編集委員 床井 明男
スマートフォンでの操作が苦手で今まで避けてきたのだが、テレビCMでも簡単になったというので挑戦してみた。総務省が進めるマイナンバーカードの交付申請である。
最大2万円分がもらえるというマイナポイント第2弾。9月末までに申請するとポイントがもらえるということに合わせたのか、行政から8月下旬、家族宛てに2度目の交付申請書の入った封書が届いたからである。
なるほど、簡単とCMが訴える通り、想像以上に簡単だった。決め手はQRコードのようで、23桁の申請者IDや名前、住所が既に記録されており、それらの確認とあとは誕生日などを入力するだけで済んだ。
写真もスマホで自宅の白い壁を背景に撮ったものを添付。何か不備があれば、1週間程度でメールで再度案内が来るということなのだが、もう1週間以上過ぎているのに特に連絡は来ていないから大丈夫なのだろう。
あとは交付場所などを知らせるはがきを待つばかりである。残るはマイナポイントの申請で、こちらは少し面倒そうだが、今回クリアできたことに勇気を得てチャレンジしたいと思っている。
何にでもポイントが付く時代である。スーパーやコンビニをはじめ、飲食店、家電量販店、最近は銀行まで生活に関わるモノやサービスにポイントが付き、専用アプリもある。わがスマホにも自分で入れたり、担当者に入れてもらったりして、数社のアプリが入っている。

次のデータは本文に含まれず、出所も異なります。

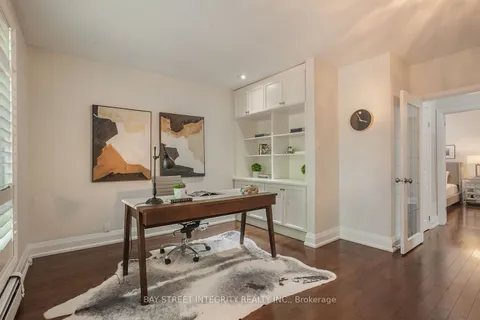 10 Stuart Ave, Toronto, ON M2N 1B1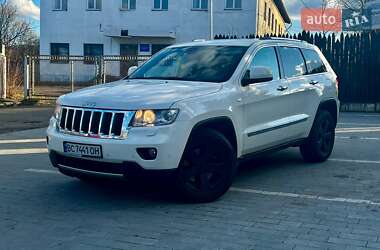 Позашляховик / Кросовер Jeep Grand Cherokee 2012 в 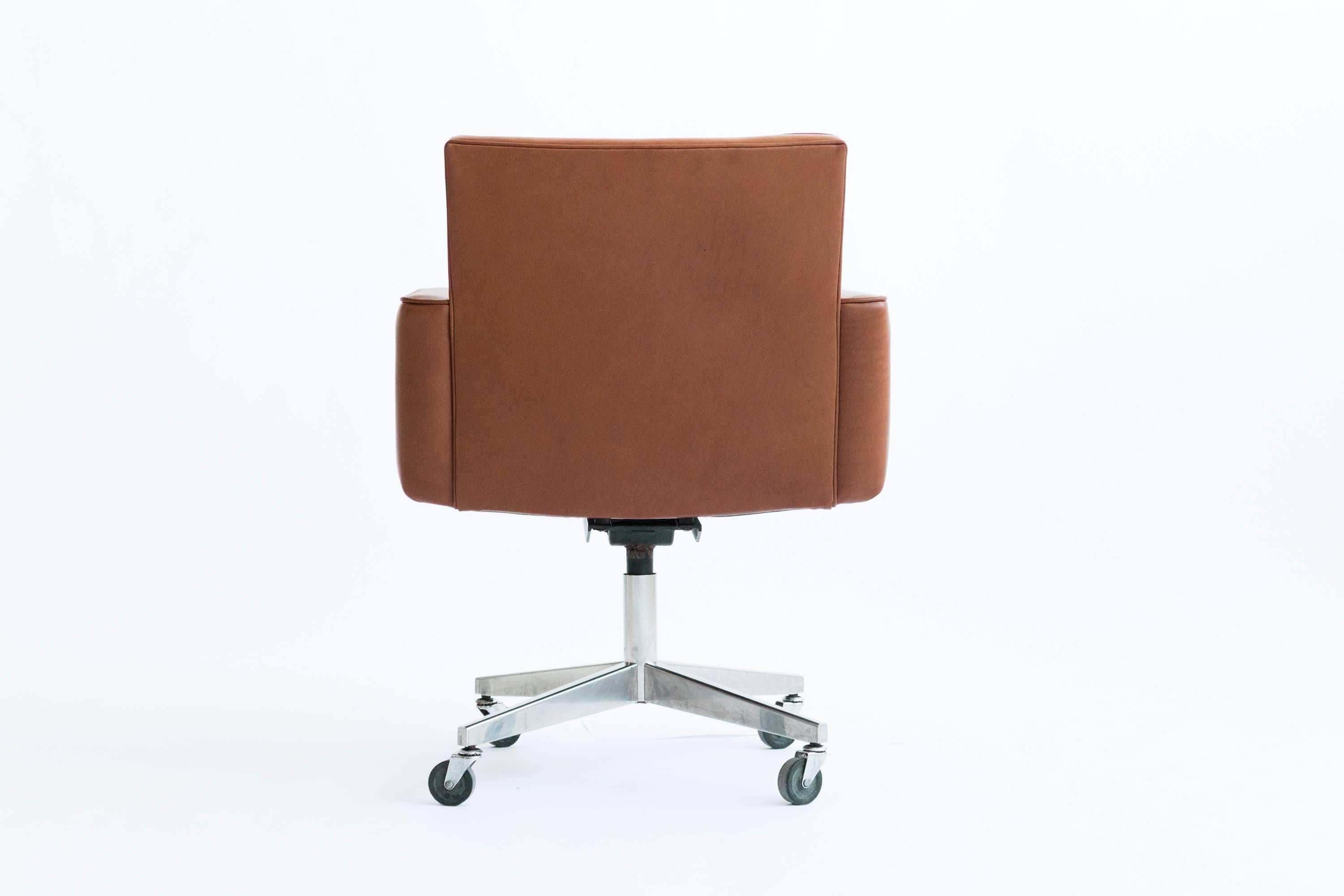 Vincent Cafiero Desk Chair for Knoll In Excellent Condition In Chicago, IL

自分の場合は200円の買い物に1ポイント1円換算のものが多い。利子に置き換えれば0・5%だが、銀行の普通預金金利0・001%、定期預金金利でも0・002%だから、これらの250~500倍。銀行は預金者にとって利子を増やす機関でなく、安全な一時預かり場所ぐらいの役割しかない。ポイントの時代なわけである。
消費者にとっては生活防衛の手段であり、業者にとっては囲い込み、生き残りの手段の一つである。
だが、今年は特に消費者にとっても業者にとっても厳しい年である。原油価格の高止まりに、ロシアのウクライナ侵攻とその長期化などから原材料価格の高騰が続き、さらに円安の進行も加わって、生活関連物資の値上げが止まらないからである。
帝国データバンクによると、食品業界で年内の値上げが予定を含め2万品目を突破。しかも最近の1ドル=140円を超える円安により、再値上げが必至な情勢となり、さらに増えそうなのである。
値上げが増えても、賃金が伸びていれば問題はないのだが、厚生労働省の毎月勤労統計調査によれば、物価変動を反映させた7月の実質賃金は前年同月比1・3%減と4カ月連続のマイナス。
働き手1人当たりの現金給与総額は、残業代や賞与の増加を受けて1・8%増と伸びてはいるのだが、消費者物価指数は3・1%上昇。物価の伸びの方が高く、購買力を示す実質賃金はマイナスが続いているのである。
今夏は3年ぶりに新型コロナによる行動制限がなかったが、消費は期待ほど伸びなさそうである。
マイナポイント取得はチャレンジでなく、家内からの厳命となった。